Since \(\frac{1}{2} \neq \frac{13}{28}\), we've proven that different scenarios with the same 3:1 ratio produce different probabilities.

[STOP - Not Sufficient!] Statement 1 is NOT sufficient.

This eliminates answer choices A and D.

Analyzing Statement 2

Important: We now forget Statement 1 completely and analyze Statement 2 independently.

Statement 2 tells us: There are fewer than 20 books on the shelf.

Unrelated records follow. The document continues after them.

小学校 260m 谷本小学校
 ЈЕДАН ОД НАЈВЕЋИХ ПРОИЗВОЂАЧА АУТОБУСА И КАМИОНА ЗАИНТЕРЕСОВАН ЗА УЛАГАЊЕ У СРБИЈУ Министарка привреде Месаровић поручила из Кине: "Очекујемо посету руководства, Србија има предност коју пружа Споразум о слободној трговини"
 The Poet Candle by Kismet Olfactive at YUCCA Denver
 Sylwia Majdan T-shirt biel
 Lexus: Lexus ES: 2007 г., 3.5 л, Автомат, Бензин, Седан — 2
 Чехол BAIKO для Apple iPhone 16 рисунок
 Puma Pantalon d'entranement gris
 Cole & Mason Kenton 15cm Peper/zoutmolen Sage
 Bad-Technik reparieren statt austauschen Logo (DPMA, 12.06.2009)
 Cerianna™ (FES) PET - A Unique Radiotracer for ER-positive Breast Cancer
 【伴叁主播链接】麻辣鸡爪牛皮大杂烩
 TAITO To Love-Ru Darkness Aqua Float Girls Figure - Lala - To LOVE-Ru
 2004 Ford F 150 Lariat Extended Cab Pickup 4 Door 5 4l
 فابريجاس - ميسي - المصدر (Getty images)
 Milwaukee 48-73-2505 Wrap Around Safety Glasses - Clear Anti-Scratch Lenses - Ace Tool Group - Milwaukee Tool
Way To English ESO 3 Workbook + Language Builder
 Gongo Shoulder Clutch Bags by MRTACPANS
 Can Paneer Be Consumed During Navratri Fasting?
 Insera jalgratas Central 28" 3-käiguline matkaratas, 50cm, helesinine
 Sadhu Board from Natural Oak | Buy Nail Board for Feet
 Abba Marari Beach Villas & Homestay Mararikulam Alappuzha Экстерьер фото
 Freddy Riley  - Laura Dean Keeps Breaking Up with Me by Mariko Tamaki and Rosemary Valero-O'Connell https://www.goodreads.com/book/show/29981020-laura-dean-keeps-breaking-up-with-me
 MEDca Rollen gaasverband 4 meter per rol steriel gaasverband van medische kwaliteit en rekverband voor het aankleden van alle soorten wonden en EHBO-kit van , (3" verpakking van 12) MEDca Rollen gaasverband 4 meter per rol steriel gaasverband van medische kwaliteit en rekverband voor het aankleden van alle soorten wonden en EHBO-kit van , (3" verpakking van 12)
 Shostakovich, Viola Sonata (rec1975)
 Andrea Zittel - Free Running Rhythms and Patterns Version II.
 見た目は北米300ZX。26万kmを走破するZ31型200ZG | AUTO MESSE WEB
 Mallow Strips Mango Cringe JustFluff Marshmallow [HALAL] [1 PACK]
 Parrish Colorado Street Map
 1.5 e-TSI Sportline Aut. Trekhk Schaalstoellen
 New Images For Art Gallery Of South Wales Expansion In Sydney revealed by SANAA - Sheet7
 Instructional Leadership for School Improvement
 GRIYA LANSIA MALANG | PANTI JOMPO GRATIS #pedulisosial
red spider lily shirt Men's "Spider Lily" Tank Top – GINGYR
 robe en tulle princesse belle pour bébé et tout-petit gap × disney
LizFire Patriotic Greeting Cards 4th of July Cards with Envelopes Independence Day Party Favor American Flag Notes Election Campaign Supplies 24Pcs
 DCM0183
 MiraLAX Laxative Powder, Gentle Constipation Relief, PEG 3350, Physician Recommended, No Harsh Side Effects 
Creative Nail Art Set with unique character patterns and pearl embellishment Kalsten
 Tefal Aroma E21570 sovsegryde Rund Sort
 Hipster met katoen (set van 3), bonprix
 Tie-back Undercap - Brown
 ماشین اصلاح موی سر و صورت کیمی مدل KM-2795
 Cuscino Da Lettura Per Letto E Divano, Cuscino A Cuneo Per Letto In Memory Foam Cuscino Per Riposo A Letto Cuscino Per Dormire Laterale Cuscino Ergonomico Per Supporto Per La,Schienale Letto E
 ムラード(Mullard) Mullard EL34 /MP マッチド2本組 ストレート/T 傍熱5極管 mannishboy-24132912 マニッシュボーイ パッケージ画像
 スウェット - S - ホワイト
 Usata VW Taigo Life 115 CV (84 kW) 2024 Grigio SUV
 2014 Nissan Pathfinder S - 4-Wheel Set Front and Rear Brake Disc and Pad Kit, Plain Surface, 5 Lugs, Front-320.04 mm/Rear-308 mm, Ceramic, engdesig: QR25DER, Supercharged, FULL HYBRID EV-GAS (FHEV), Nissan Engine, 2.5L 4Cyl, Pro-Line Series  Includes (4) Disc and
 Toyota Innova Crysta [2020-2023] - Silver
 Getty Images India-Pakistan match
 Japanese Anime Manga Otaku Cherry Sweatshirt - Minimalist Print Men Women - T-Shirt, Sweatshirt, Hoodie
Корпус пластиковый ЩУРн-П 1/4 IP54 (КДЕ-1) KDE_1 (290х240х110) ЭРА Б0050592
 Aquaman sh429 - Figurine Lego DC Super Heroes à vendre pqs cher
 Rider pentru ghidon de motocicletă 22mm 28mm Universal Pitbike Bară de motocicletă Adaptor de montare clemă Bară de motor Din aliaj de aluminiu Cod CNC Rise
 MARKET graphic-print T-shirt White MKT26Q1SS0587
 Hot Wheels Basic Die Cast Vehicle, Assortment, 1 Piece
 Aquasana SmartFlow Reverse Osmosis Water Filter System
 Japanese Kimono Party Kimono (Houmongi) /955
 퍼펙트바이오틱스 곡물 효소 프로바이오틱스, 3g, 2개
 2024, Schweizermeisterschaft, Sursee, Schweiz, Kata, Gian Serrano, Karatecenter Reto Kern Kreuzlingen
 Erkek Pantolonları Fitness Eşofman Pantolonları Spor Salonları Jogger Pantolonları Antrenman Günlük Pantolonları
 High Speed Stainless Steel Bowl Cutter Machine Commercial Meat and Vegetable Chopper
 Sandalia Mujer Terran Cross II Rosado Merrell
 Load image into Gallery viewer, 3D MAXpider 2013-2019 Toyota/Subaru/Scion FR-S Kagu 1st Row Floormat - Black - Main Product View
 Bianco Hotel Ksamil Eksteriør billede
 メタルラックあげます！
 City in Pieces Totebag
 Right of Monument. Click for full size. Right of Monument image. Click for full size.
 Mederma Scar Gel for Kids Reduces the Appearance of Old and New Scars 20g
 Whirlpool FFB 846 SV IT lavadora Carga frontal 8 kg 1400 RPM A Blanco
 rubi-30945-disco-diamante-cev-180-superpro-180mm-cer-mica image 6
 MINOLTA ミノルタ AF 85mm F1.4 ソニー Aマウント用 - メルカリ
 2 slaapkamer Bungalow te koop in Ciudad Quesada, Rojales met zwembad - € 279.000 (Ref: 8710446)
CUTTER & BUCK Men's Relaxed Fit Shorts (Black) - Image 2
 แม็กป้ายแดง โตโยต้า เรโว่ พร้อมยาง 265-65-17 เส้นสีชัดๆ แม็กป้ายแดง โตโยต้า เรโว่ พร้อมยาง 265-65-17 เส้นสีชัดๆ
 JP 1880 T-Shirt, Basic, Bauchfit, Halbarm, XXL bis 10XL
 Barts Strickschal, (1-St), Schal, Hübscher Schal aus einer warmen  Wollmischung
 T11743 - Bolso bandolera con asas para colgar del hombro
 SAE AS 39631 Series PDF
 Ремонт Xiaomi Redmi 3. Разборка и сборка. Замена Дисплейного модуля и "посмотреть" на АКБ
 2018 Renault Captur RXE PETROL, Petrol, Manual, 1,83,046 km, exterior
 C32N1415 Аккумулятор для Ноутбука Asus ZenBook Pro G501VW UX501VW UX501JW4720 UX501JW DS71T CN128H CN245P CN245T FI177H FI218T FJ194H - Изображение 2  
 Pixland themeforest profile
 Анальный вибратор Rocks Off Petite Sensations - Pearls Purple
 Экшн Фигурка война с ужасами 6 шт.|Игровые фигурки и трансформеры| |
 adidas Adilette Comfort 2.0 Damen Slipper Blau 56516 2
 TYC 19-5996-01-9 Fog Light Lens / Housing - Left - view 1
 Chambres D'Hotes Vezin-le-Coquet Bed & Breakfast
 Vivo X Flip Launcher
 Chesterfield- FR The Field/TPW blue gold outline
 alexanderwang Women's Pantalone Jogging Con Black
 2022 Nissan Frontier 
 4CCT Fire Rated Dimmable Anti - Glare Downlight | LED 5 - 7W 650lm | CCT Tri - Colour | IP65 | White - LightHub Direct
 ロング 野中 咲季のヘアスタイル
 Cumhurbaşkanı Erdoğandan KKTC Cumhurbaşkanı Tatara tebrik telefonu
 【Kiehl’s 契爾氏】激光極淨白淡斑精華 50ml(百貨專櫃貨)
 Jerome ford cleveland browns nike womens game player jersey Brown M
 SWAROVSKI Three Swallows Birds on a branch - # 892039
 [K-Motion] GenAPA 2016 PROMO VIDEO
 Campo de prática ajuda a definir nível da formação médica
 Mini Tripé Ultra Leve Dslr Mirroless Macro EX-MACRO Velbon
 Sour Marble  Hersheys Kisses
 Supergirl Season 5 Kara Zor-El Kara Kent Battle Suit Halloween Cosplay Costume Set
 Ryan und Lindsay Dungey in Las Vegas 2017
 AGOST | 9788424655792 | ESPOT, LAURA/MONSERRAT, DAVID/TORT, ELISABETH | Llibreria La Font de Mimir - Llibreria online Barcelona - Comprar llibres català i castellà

This constraint gives us an upper bound but reveals nothing about the Spanish-English distribution. Consider these possibilities:

• 19 books: all Spanish, 0 English → P(at least one English) = \(0\)
• 10 books: 5 Spanish, 5 English → P(at least one English) = \(\frac{3}{4}\)
• 15 books: 14 Spanish, 1 English → P(at least one English) = \(\frac{2}{15}\)

Without knowing the distribution, we cannot determine a unique probability.

[STOP - Not Sufficient!] Statement 2 is NOT sufficient.

This eliminates answer choices B and D (already eliminated).

Combining Both Statements

Now we use both pieces of information:

• Spanish:English ratio is 3:1 (Statement 1)
• Total books < 20 (Statement 2)

With a 3:1 ratio, the total number of books must be a multiple of 4 (since 3 + 1 = 4). Given the constraint of fewer than 20 books, our possible totals are: 4, 8, 12, or 16.

This gives us exactly four possible scenarios:

• 4 books total: 3 Spanish, 1 English → P(at least one English) = \(\frac{1}{2}\)
• 8 books total: 6 Spanish, 2 English → P(at least one English) = \(\frac{13}{28}\)
• 12 books total: 9 Spanish, 3 English
• 16 books total: 12 Spanish, 4 English

We've already demonstrated that the 4-book and 8-book scenarios yield different probabilities (\(\frac{1}{2}\) vs \(\frac{13}{28}\)).

Why do different totals give different probabilities? In "without replacement" problems, removing a book has a proportionally larger impact on smaller totals. Think of it this way: removing 1 book from 4 changes the pool by 25%, but removing 1 book from 16 changes it by only 6.25%.

Since we have multiple valid scenarios that produce different probability values, the statements together are NOT sufficient.

[STOP - Not Sufficient!] Even combined, we cannot determine a unique answer.

This eliminates answer choices A, B, C, and D.

The Answer: E

Even with both pieces of information, we cannot determine a unique probability because different valid book totals (4, 8, 12, or 16) yield different probability values.

Answer Choice E: "The statements together are not sufficient."